In moving away from Bayesian decision theory, it will matter that this approach determines the partitions \(\mathcal{S}\) and \(\mathcal{T}\) independently of all decision problems that are currently envisaged. It will then not be appropriate to start a decision analysis with a simplification of the gamble G of (1) that coarsens the partition \(\mathcal{E}\) by replacing \(E_i\) and \(E_j\) by \(E_i\cup E_j\) when they yield the same prize. Other considerations aside, to do so is potentially to violate Aesop’s principle by allowing what happens in \(C\) to influence how \(B\) is structured. In Bayesian decision theory, it turns out that this violation does not matter (Theorem 5), but we are working outside this theory.

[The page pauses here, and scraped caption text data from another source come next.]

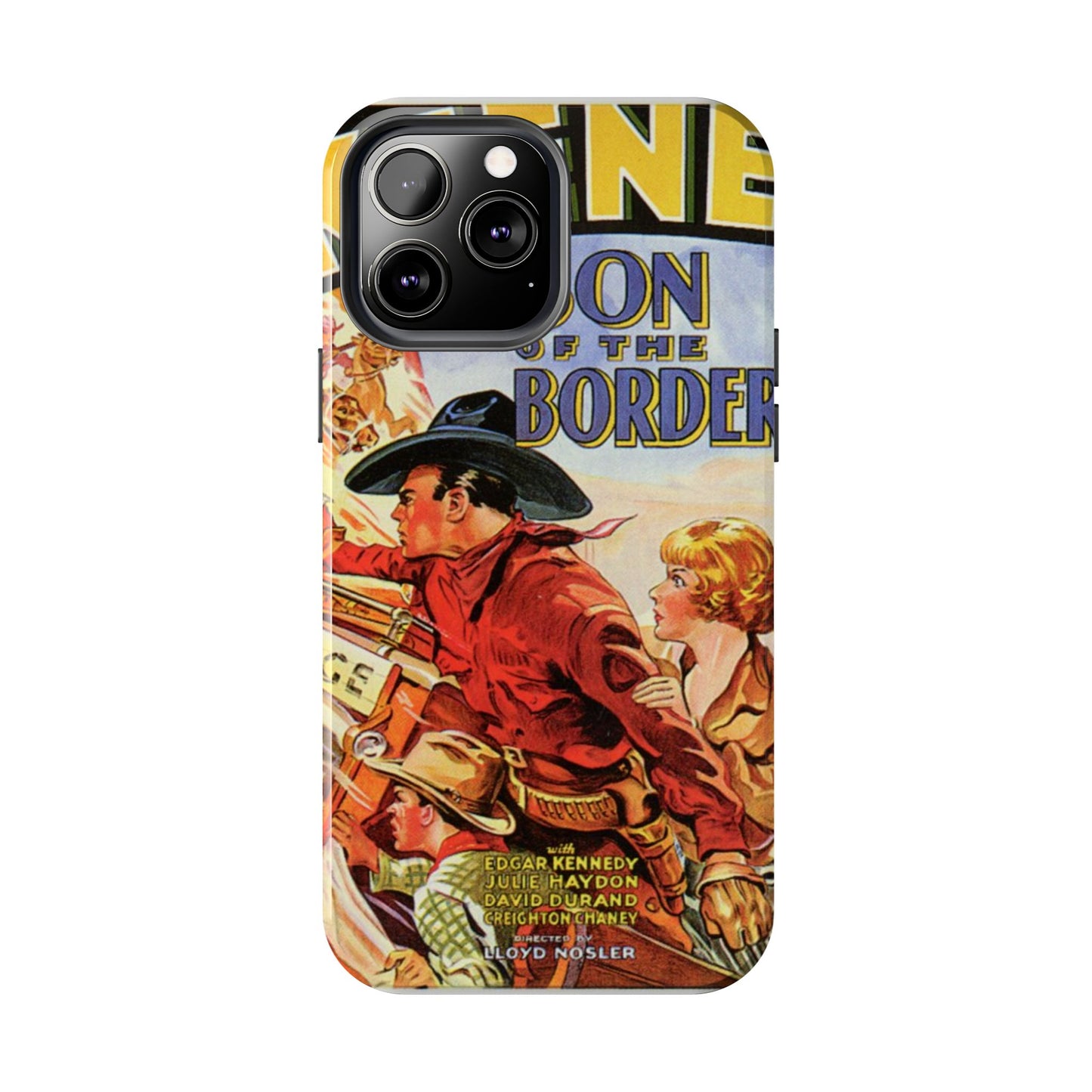 Rustic Heritage Western Tough Phone Cases - Old School Male 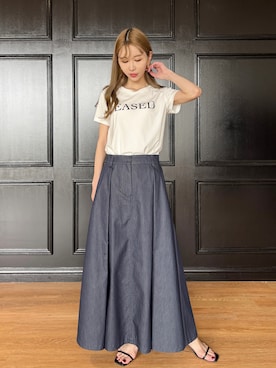 「DRESSTERIOR（ドレステリア）のアイテム（Tシャツ/カットソー）」を使った、natsukiさん（レディース・160cm）の夏コーディネート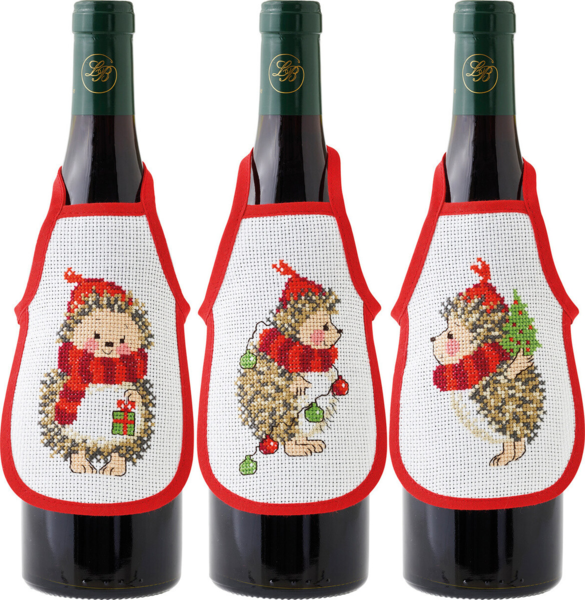 Broderikit Igelkott 10 x 15 cm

Similar considerations apply to the partition \(\mathcal{T}\) of \(C\), but a second point is more important. Our story makes a prize \({\mathcal{P}}_i\) into a set of states of the mind rather than a deterministic object like an umbrella or an ice-cream. The decision maker will presumably not regard the states of mind in \({\mathcal{P}}_i\) as being far apart or she would not have packaged them into the same element of the partition \(\mathcal{T}\), but there will necessarily be some ambiguity, not only about which state of mind in \({\mathcal{P}}_i\) will actually be realized, but also about its possible dependence on the current state of the world. Such a potential violation of Aesop’s principle may be a source of uncertainty that needs to be incorporated somehow into the theory of how she makes decisions.

4.4 Expectant utility

We have discussed how a rational decision maker might construct a decision problem to which Bayesian decision theory applies. But what happens if her Bayesian updating is interrupted by a surprising event—something she did not anticipate when constructing her current system of consistent subjective probabilities? She might then be led to recognize that questions she did not ask previously (because they did not occur to her or she thought them irrelevant) now need to be asked. Having asked them, her new knowledge can be described with new partitions \(\mathcal{S}'\) and \(\mathcal{T}'\) of \(B\) and \(C\) that are refinements of her old partitions \(\mathcal{S}\) and \(\mathcal{T}\).

This paper intervenes at the stage when she has formulated the newly refined partitions, but before she has acquired enough further information to assign consistent subjective probabilities to the members of the new partition of \(B\) to supplement the subjective probabilities already established for the members of the old partition. The events she can describe using her old partition will be identified with the algebra \(\mathcal{M}\) of measured subsets of \(B\). The events for which she needs the new partition will be unmeasured. The step to this new partition corresponds to introducing a new algebra \(\mathcal{N}\) that refines \(\mathcal{M}\). The casino example of Sect. 2.1 illustrates how this might work with \(\mathcal{M}=\mathcal{U}\) and \(\mathcal{N}=\mathcal{V}\).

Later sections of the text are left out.